J`ai rencontré Koné Tiémoko, l`actuel président du Conseil général de Tengréla en compagnie de Sylla Youssouf, Madiara Coulibaly, Cheick Camara puisque ce sont eux qui étaient à la tête du comité de crise chargé de gérer le parti. Je leur ai parlé du projet de fédérer les « grins ». A l`époque, le Rdr avait été présenté comme le parti qui a financé la rébellion et son président n`étant pas là, l`intention affichée de Laurent Gbagbo était la suspension voire l`interdiction du Rdr. C`est donc en vue de défendre les idées mais aussi les intérêts du Rdr que Koné Tiémoko, Youssouf Sylla, Madiara Coulibaly, Cheick Camara et autres ont mis sur pied ce comité afin d`éviter que le parti soit absent aux débats, notamment celui que le premier médiateur dans la crise ivoirienne, le président Togolais Gnassingbé Eyadema devait avoir avec la classe politique. Il faut donc leur rendre hommage pour ce travail. Quand Koné Tiémoko et moi nous nous sommes retrouvés, il s`est agi de voir comment animer la base pour éviter que la dispersion des militants ne conduise à tuer le parti. C`est à cet instant que l`idée des « grins » m`est venue en tête. Dans les « grins », les gens se retrouvent généralement par affinité ethnique, régionale ou religieuse. Ils se connaissent donc très bien et peuvent se parler en toute sécurité, sans crainte d`être espionnés. Il existe des codes pour changer de sujet quand un étranger ou une personne suspecte est présente. J`ai donc informé Koné Tiémoko sur la façon dont j`entendais conduire ma mission. Et j`ai commencé à travailler. Nous profitions des causeries dans les «grins » pour remobiliser les militants. Et lorsque des militants étaient arrêtés, nous profitions également de ces « grins » pour faire circuler l`information afin que les voies et moyens pour leur libération soient explorés. Nous avions donc fait des fiches d`adhésion qui nous ont permis d`immatriculer tous les militants. Les choses ont marché à merveille et nous avons pu faire ce que nous avions à faire.
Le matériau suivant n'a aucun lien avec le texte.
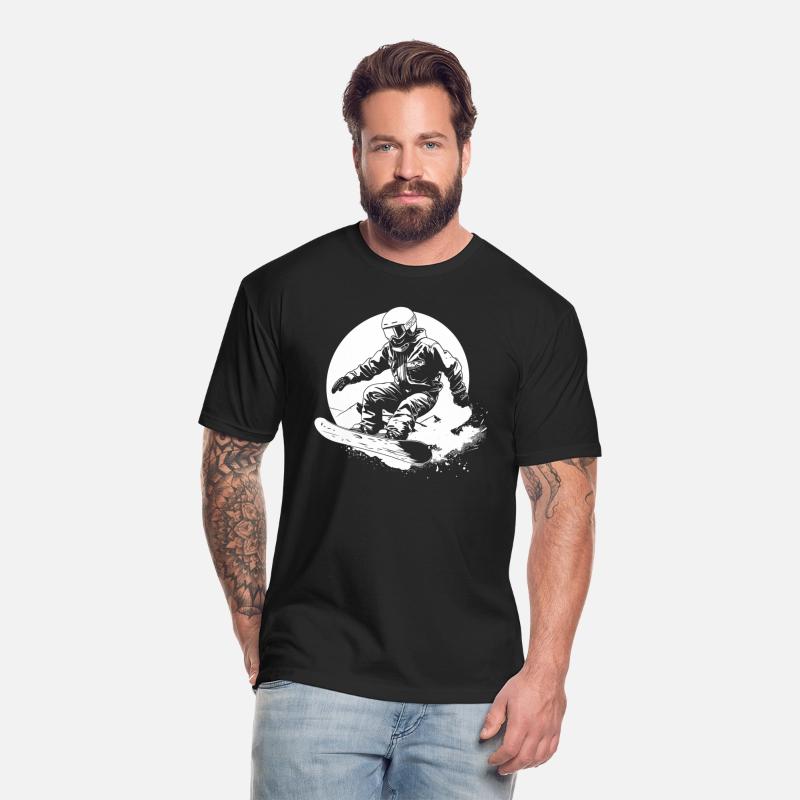 Snowboarder Drawing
En quittant le Rdr, vous quittez aussi les grins ?
Lorsque j`ai démissionné du Rdr, j`ai convoqué une réunion avec le bureau national pour leur dire que ma mission était terminée. Celui qui était mon deuxième vice-président m`a ainsi succédé en devenant le président des « grins ». C`est le lieu de féliciter les membres du bureau national qui m`ont beaucoup aidé. Grâce à chacun d`eux, nous avons pu faire un excellent travail. Je leur ai demandé d`accepter et de comprendre mon choix parce que c`est aussi cela la vie d`un homme. Dans la vie, quand on n`est pas d`accord, on dit non, quelque soit ce que cela peut causer. Galilée, lorsqu`il a dit que la terre tournait, il n`a pas eu raison le même jour. Je préfère donc ne pas avoir raison aujourd`hui et avoir raison demain et je suis sûr que j`aurai raison demain. Parce que les gens qui m`appellent pour me soutenir sont nombreux. Il y en a même qui vont jusqu`à me dire que n`ayant pas le courage que j`ai eu, eux ils attendent les urnes pour s`exprimer. Pour moi, ce n`est pas la meilleure voie pour exprimer un ras-le-bol. Il ne faut pas faire croire des choses à M. Ouattara et aller le décevoir dans les urnes. Selon ma philosophie, quand on n`est pas d`accord, on dit non et on démissionne. Moi, je ne vais pas voter pour lui et dès maintenant, je le lui dis. Ca au moins, c`est sincère. Mais ce qui est effrayant, c`est que ce sont des cadres qui disent ce genre de choses. Je préfère taire les noms, mais c`est révoltant quand ils racontent ce qu`ils vivent comme frustrations de la part de certaines personnes dans le cercle de M. Ouattara.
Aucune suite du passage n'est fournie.